There is no final, government-wide FAR or DFARS AI clause today, and anyone telling you otherwise is ahead of the record. What is real and binding right now is OMB Memo M-25-22, signed April 3, 2025, which binds agencies, not vendors directly. It reaches contractors only through clauses agencies are now required to insert. Layered on top are two proposed rules still open for comment and one pending statute, so the honest posture is: the direction is set, the exact contract language is still being written.

The rule in plain English

M-25-22 applies to agency solicitations issued on or after roughly September 30, 2025 (180 days after issuance), and excludes National Security Systems and AI merely embedded in common commercial products (OMB M-25-22). The memo itself creates no direct offeror obligation. Instead it directs agencies to place flowdowns on vendors: a permanent prohibition on using non-public agency input data and output results to further train publicly or commercially available AI without explicit agency consent; access and time for agencies to run independent evaluation; descriptive information for the M-25-21 AI Impact Assessment on high-impact uses; anti-lock-in terms covering knowledge transfer, data and model portability, rights to code and models produced in performance, and pricing transparency; and notice before integrating new AI features. Note one point people overstate: disclosure of AI use in performance is discretionary. Agencies "must determine whether" to add such a provision, so treat it as case-by-case, not a blanket mandate.

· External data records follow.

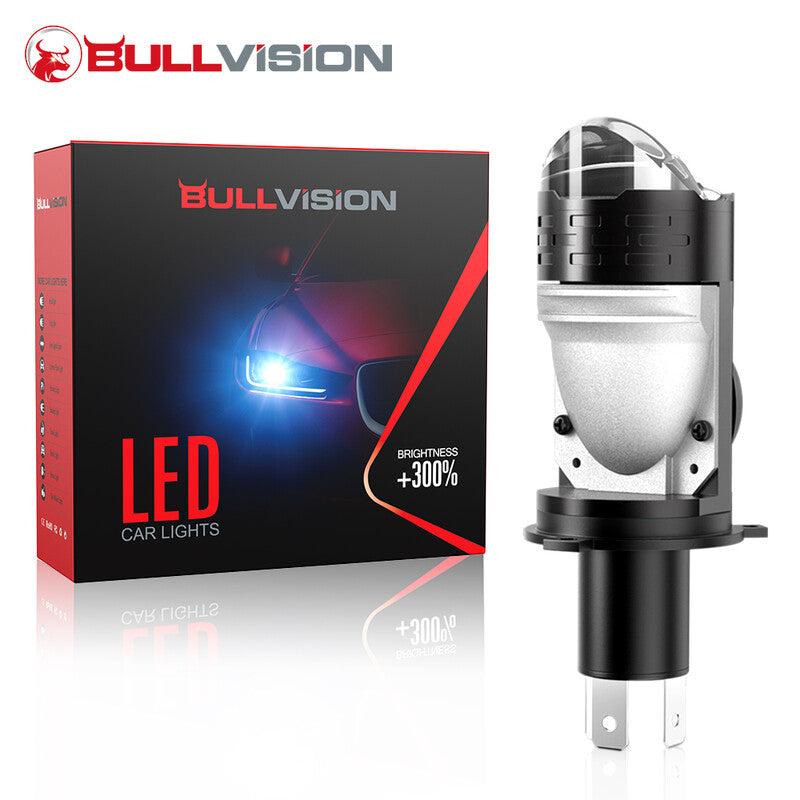 Bullvision H4 LED Light Bulbs, High and Low Beam, 20,000LM Brightness 300% Brighter 6000K White, Simply Plug & Play, Pack of 1 MegaBDM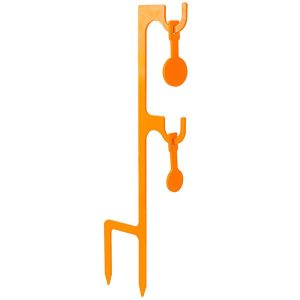 Champion Rimfire Double Target Hanger and Two Targets Orange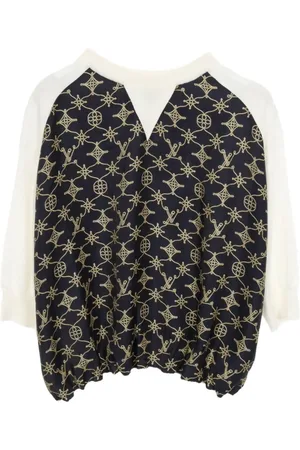 LOUIS VUITTON 10s nautical monogram knit top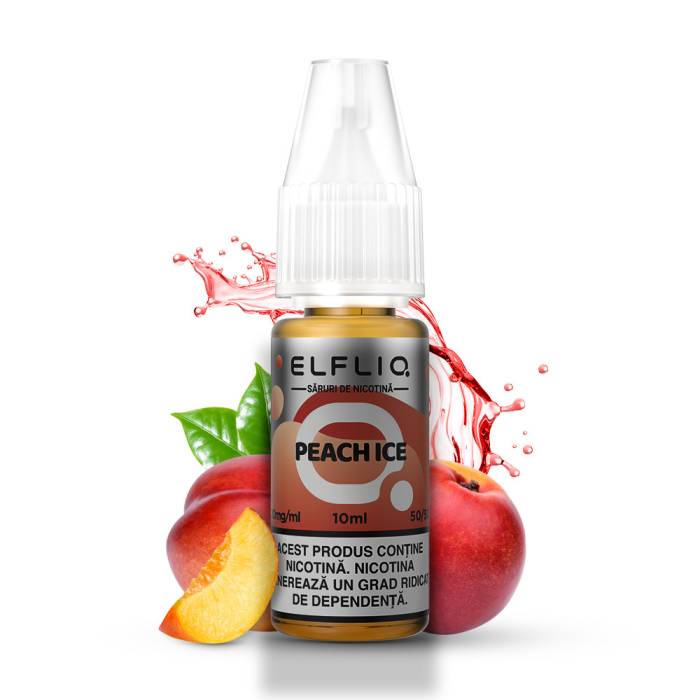 Lichid tigareta electronica 20 mg./ml. Peach Ice "ElfLiq" (10ml)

Separately, and still only PROPOSED, GSA published a rule on June 17, 2026 creating GSAR clause 552.239-7001, "Basic Safeguarding of Data within Large Language Model AI Systems" (91 FR 36559), with comments due August 3, 2026 and a listening session July 14, 2026 (Federal Register). Where government data is processed by LLMs, it would require that the government owns inputs and outputs; that vendors not train on, monetize, or transfer government data; "eyes-off" handling with automated ingestion, encryption, access controls, and audit logs; change and incident notice (30 days before material changes, 7 days for bias or safety-degrading changes, immediate for emergencies); written certification of secure deletion; an "American AI" certification that the LLM is developed and managed by a US-incorporated entity protected from foreign-government data compulsion; an unbiased-AI requirement; supply-chain flowdown with attestations and 72-hour non-adherence notice; and a limited government data-rights license with an explicit trade-secret carve-out that lets contractors keep base models, weights, and background data. It excludes embedded or incidental use.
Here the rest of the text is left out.